In a continual quest for excellence and application of leading edge technologies, The Institute of Technical and Adult Teacher Education (ITATE) introduced Expert Systems and Education, as a final semester option, into their Graduate Diploma in Educational Studies (Computer Education) during Semester 2 of 1989.

This paper presents the lecturer's perspective of the inaugural launch, method of presentation, evolution of format, conceptual pitfalls and teaching challenges together with consensus strategies for hurdling foreign jargon, alien methodologies and preconceived mysteries.


Despite unexpected manifestations of seemingly myriad problems, some bizarre computer feedback and tremendous emotional drain in continual attempts at demystification of strange concepts, the author found Expert Systems and Education the most difficult, unconventional yet fascinating and rewarding experience in a twenty-five year tertiary teaching career.

The group of 1989

The inaugural Expert Systems option attracted the majority of teachers, trainers, and educators taking courses in semester 4 of the Grad Dip Ed program.
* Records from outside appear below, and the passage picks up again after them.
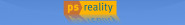 PS - Reality, s.r.o.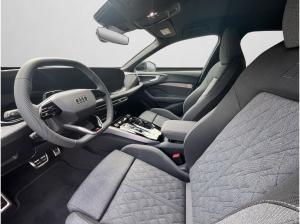 Audi A5 Avant e-Hybrid * LIMITIERT BIS  31.08. * LF 0,7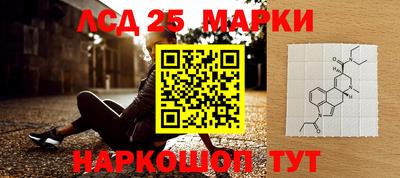 ПСИЛОЦИБИНОВЫЕ ГРИБЫ Канаш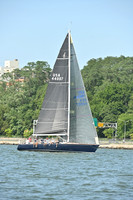2026 ALIR_0027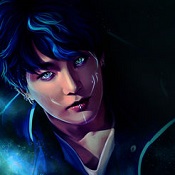 To The Edge of The Sky(到天空的边缘手游)下载最新版本2025_To The Edge of The Sky(到天空的边缘手游)手游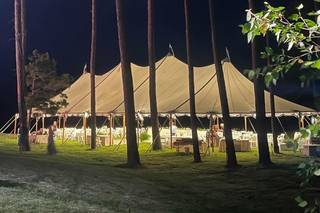 Coastal Tented Events - 31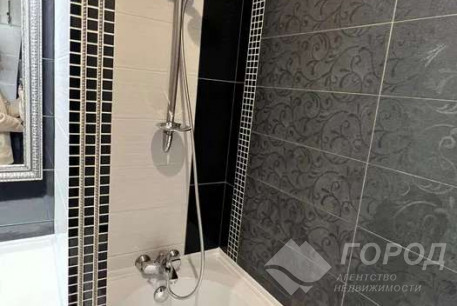 Сдам 1-кімнатну квартиру, Холодная Гора, Холодная Гора метро, Код: 804596/1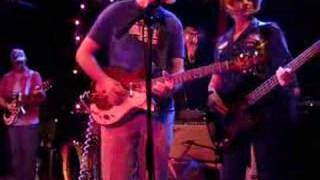 SCOTS - Instrumental Medley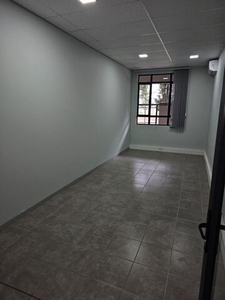 Commercial Property For Rent In Hillcrest Central, Hillcrest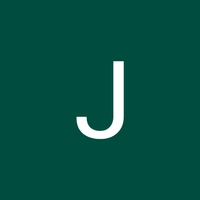 Commenters avatar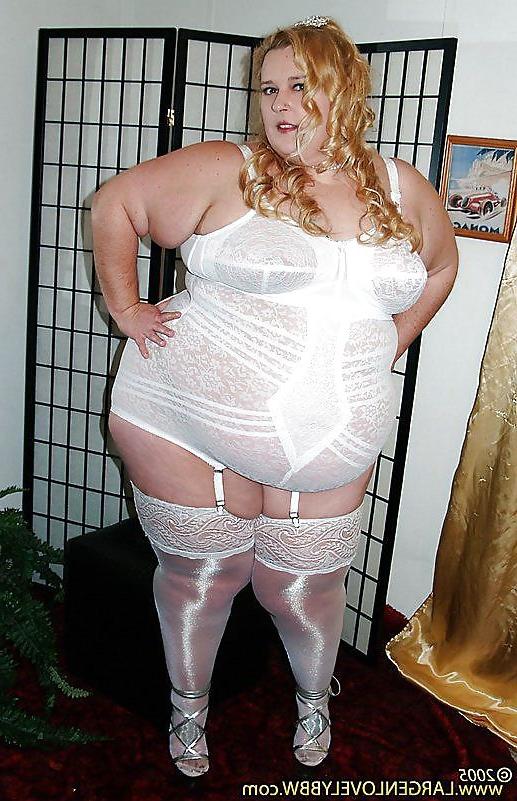 20P Mature-BBW-Ladies 281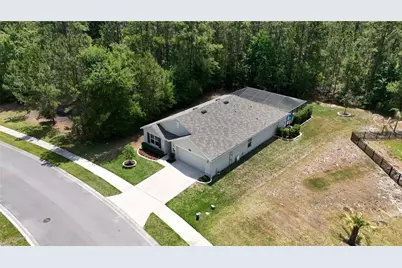 17528 Garsalaso Circle, Brooksville, FL 34604 - Photo 49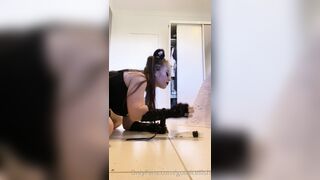LaraRose OF Video HD 2
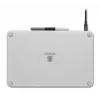 Γραφίδα Wacom One 13 Touch 33,8 cm (13,3 ίντσες) 2540 lpi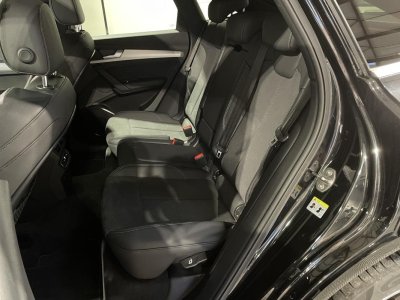 Audi Q5 Sportback 50 TFSI 299CH S-LINE QUATTRO -TOIT OUVRANT-GARANTIE 6 MOIS-FINANCEMENT POSSIBLE-   - 30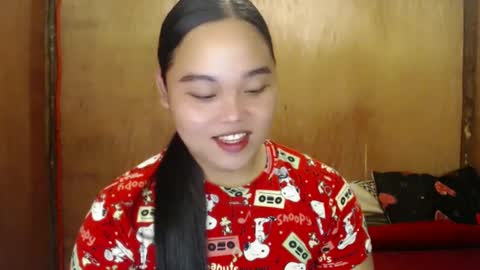 Lycah online show from 12.28.24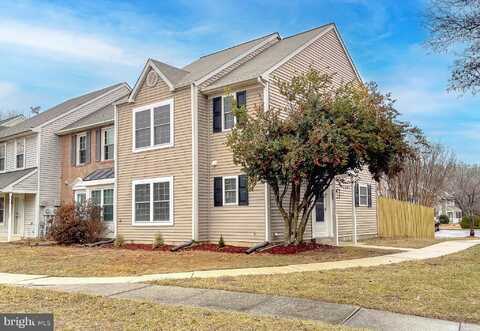 6081 TAPIR PLACE, WALDORF, MD 20603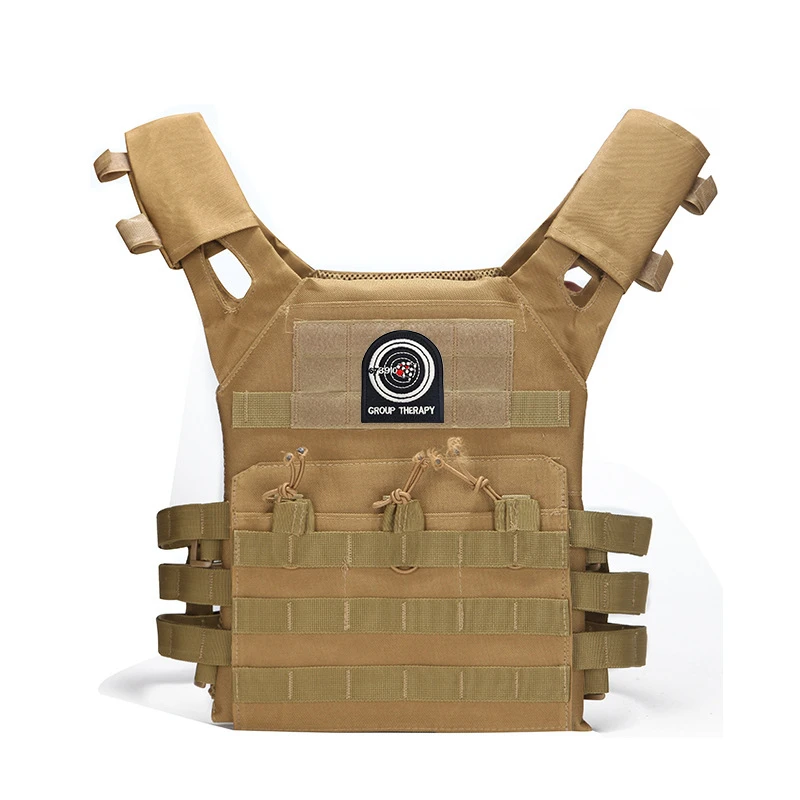 Parche MOLLE bordado flecha de ballesta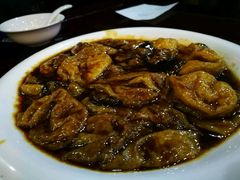 -吴门人家·苏宴宫廷菜(拙政园店)
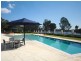 505/150 Great Eastern Hwy, Ascot WA 6104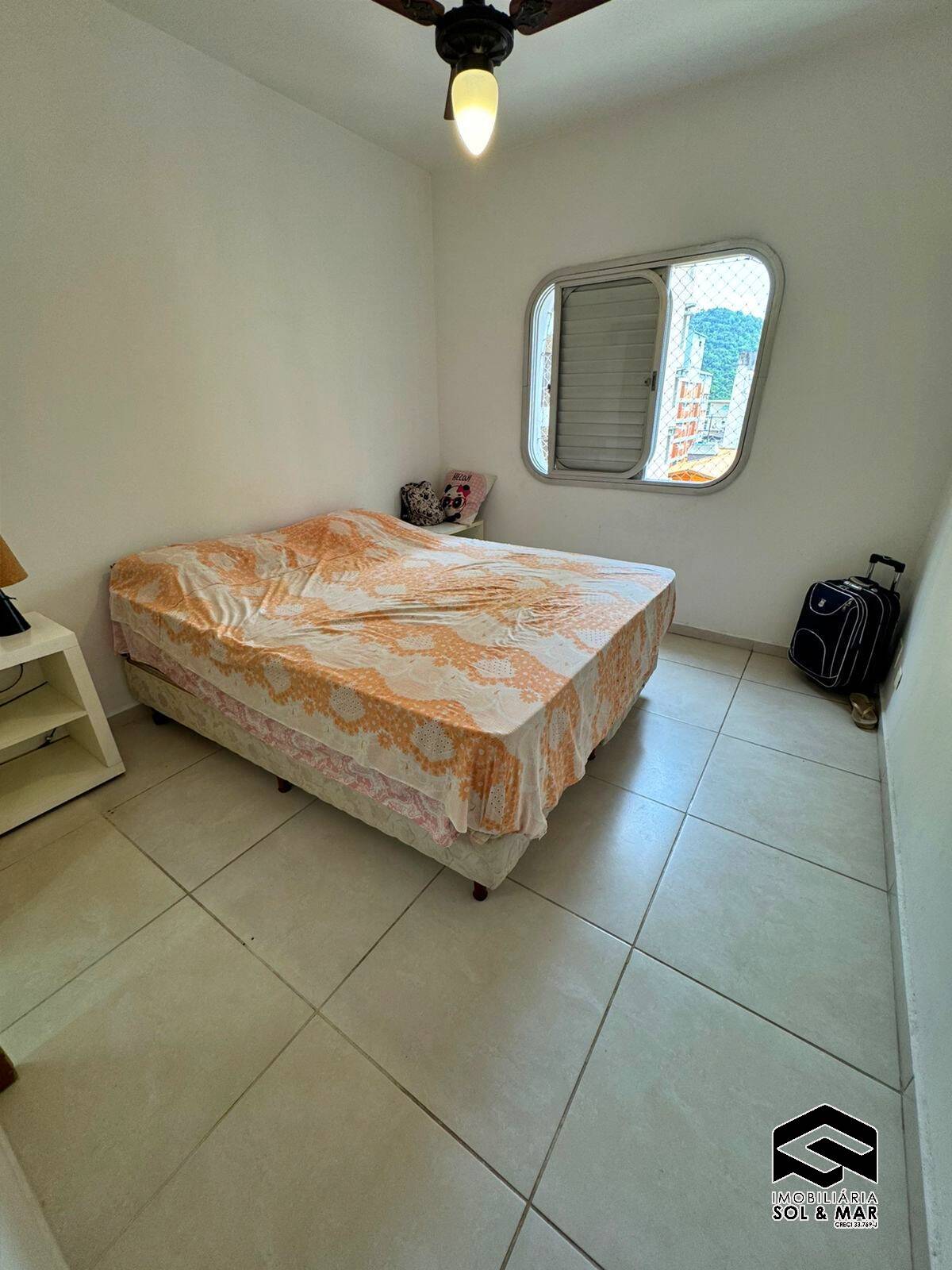 Apartamento à venda com 3 quartos, 121m² - Foto 13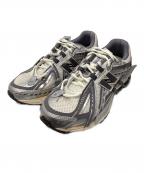 NEW BALANCEニューバランス）の古着「1906A 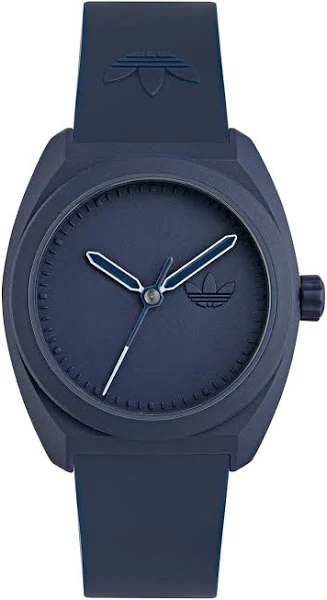 Zegarek adidas Originals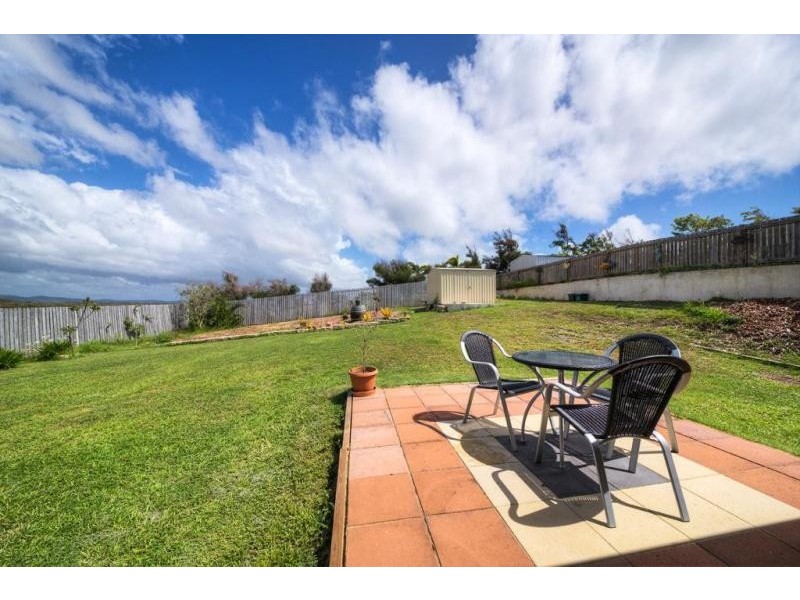 18 Trafalgar Street, Emu Park QLD 4710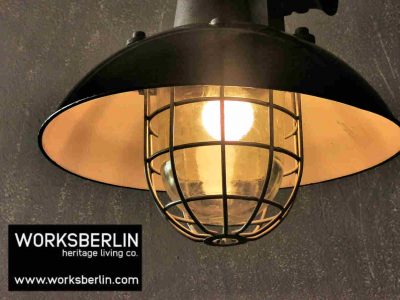 industrielle lampen für gastronomie kaufen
Student backgrounds covered the spectrum: TAFE Computer Coordinator, TAFE teachers of Business and Administrative Studies, Engineering, Building, Mathematics, General Studies, External Studies, HSC Chemistry. Primary Education, Teacher Education, Public Service, Computer Industry completed the 1989 cohort.

The lecturer's qualifications range across several disciplines [Electrical Engineering \ Applied Science \ Operations Research \ Computing \ Education], 14 years in industry, 21 years full time tertiary teaching. He qualified for the Grad Dip Ed (Computer Education) in 1988 with the project Artificial Intelligence - Expert Systems - Impshell and has studied educational techniques during the past 15 years.

Course outline

Expert Systems and Education seeks to develop an understanding of expert systems and their social and educational implications. Students learn how expert systems work and study samples of expert systems in use. Students also use expert system shells to gain practice in building expert systems in their area of specialisation.

Prerequisites and assessment

Prerequisites consisted of the subjects: Computers and Teaching 1, Information Processing 2 and Principles of Programming 2. Assessment consisted of the creation of individual expert systems together with essays detailing the application of expert systems in each student's area of expertise.

Objectives

The course unit was designed to enable students to

Content

The content comprised the following topics:

Resources

The ITATE Computer Studies Unit comprises a laboratory of 24 IBM workstations together with a laboratory of 14 Osborne work stations. The two contact hours per week were scheduled for Wednesdays, 11.00 am to 1.00 pm in the IBM laboratory. The IBM machines allocated for the course were of the PS/2 System 30 286 variety.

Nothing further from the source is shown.